Oleh: Tatak Ujiyati
Barisan.co – Djoko Tjandra buronan Kejaksaan Agung diketahui mengurus E-KTP di Kelurahan Grogol Selatan. Ada yang menyarankan agar Gubernur DKI Jakarta memecat lurahnya. Sebenarnya kejadian lolosnya Djoko ini salah siapa?
Hal ini merupakan kesalahan sistem, yang tidak mampu mengintegrasikan data buron dari penegak hukum (Kejaksaan, Kepolisian, KPK RI) dengan data Penduduk dan Catatan Sipip (Dukcapil) yang dikelola Kementerian Dalam Negeri (Kemendagri).
Tanpa integrasi data dan sistem maka tidak ada tanda atau peringatan atau penolakan dari sistem ketika seorang buron akan mengurus KTP. Sehingga kejadianlah kasus Djoko Tjandra ini, lolos mengurus E-KTP. Karena sistem yang lemah maka bisa diduga ada kasus-kasus lain serupa, di Kelurahan manapun di seluruh Indonesia, buron lolos membuat E-KTP. Lha wong nggak ada sistem penangkalnya kan?

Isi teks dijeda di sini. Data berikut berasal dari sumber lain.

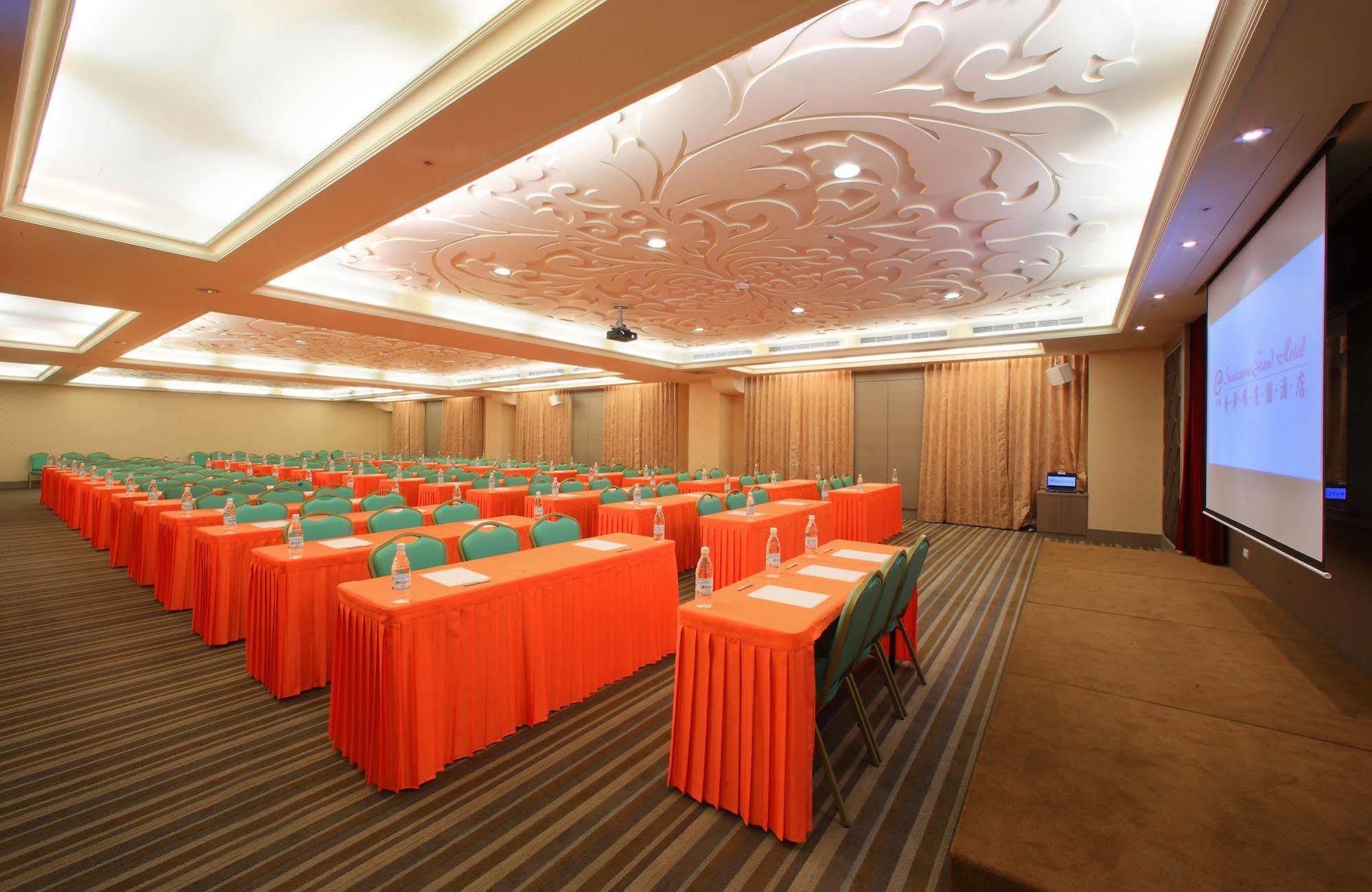 Shinkansen Grand Hotel Taichung Exterior photo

Tanpa adanya integrasi sistem, apakah mungkin seorang Djoko Tjandra ditolak mengurus KTP? Tidak mungkin sebab tak ada aturan atau prosedur penolakannya. Prosedur Dukcapil cuma satu, sepanjang data kependudukan sudah terekam maka siapapun warga bisa mengurus atau mencetak E-KTP.

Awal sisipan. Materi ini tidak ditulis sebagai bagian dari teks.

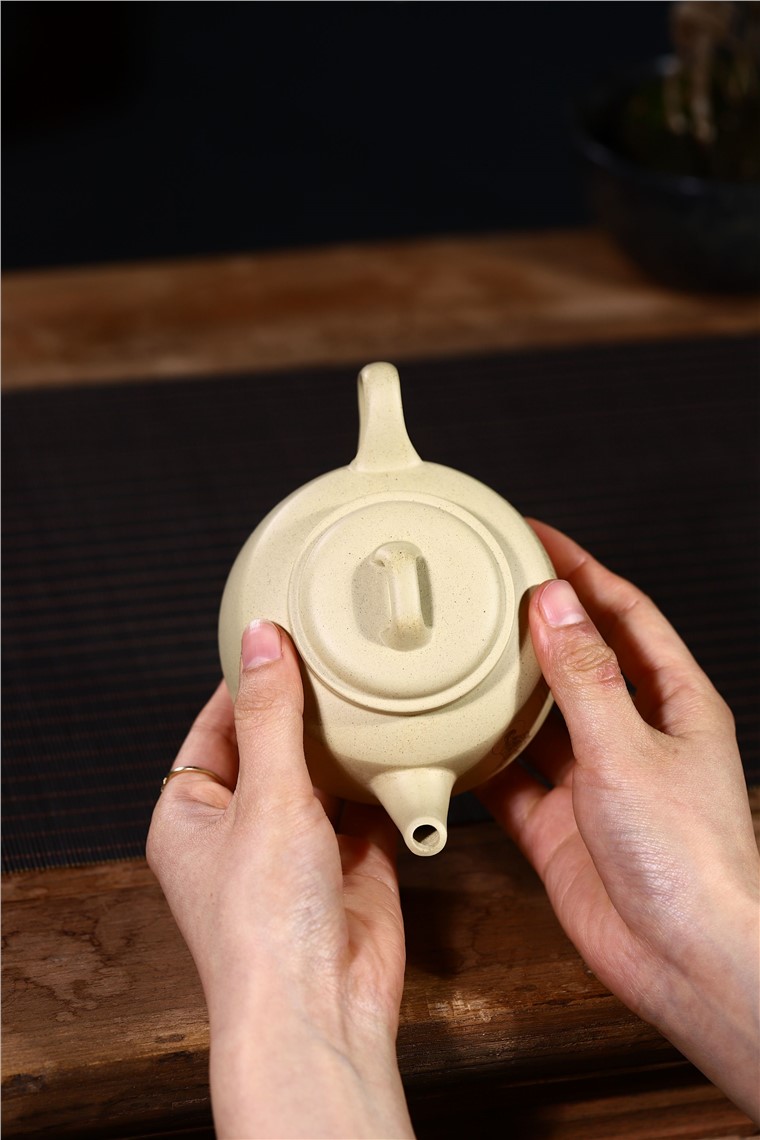 周莹作品 心经桥鼎图片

Tanpa red notice, apakah kita bisa mengharap petugas kelurahan otomatis tahu bahwa Djoko Tjandra adalah seorang buron? Tidak mungkin karena tugas yang diberikan kepada Pemda (dalam hal ini petugas Dukcapil) adalah memberi pelayanan kependudukan, bukan menegakkan hukum dengan menangkap buron kriminal.
Bahkan untuk institusi yang sudah terintegrasi seperti Kantor Imigrasi saja, buron juga tak bisa dicegah ke luar negeri atau masuk ke Indonesia jika tanpa didahului dengan adanya red notice dari institusi penegak hukum. Prosedur birokrasinya memang begitu. Penegak hukum yang bertanggung jawab atas buron kriminal, yang harus mencari dan menangkap. Mereka bisa meminta bantuan ke institusi-institusi lain dengan mengirim surat cekal. Tanpa surat cekal atau red notice maka prosedur akan berjalan seperti biasa.

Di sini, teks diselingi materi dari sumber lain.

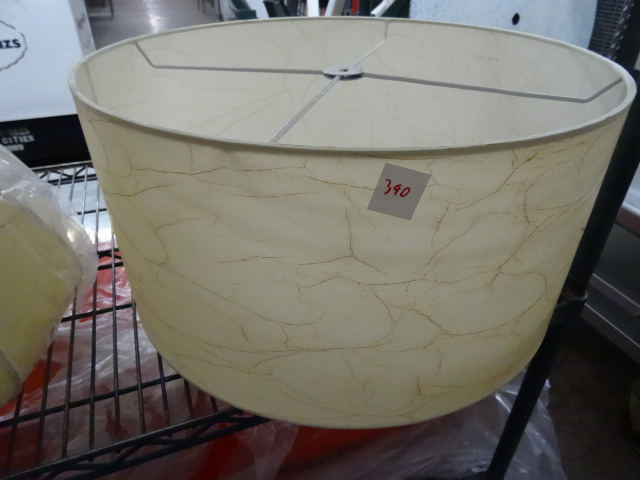 lot 390 image: 20 Round Ceiling Light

Maka dari latar belakang itu, agak sulit untuk menyalahkan seorang Lurah atas lolosnya Djoko Tjandra ini. Apalagi menurut keterangannya Djoko Tjandra sebenarnya bukan diantar oleh Lurah. Tapi hanya diterima oleh petugas PJLP yang tidak mengenal statusnya sebagai buronan Kejaksaan Agung sehingga dilayani seperti warga biasa pada umumnya.
Soal proses pembuatan KTP yang cepat juga sulit untuk dikatakan sebagai keanehan/irregularity. Pasalnya saat ini pengurusan KTP di DKI Jakarta memang bisa sangat cepat (tak seperti sebelumnya) karena blangko dari Kemendagri telah tersedia dalam jumlah banyak.
Tanpa bukti pelanggaran prosedur, tanpa bukti menerima suap, Pemprov DKI Jakarta tak bisa memecat Lurah. Ia tak melakukan kesalahan.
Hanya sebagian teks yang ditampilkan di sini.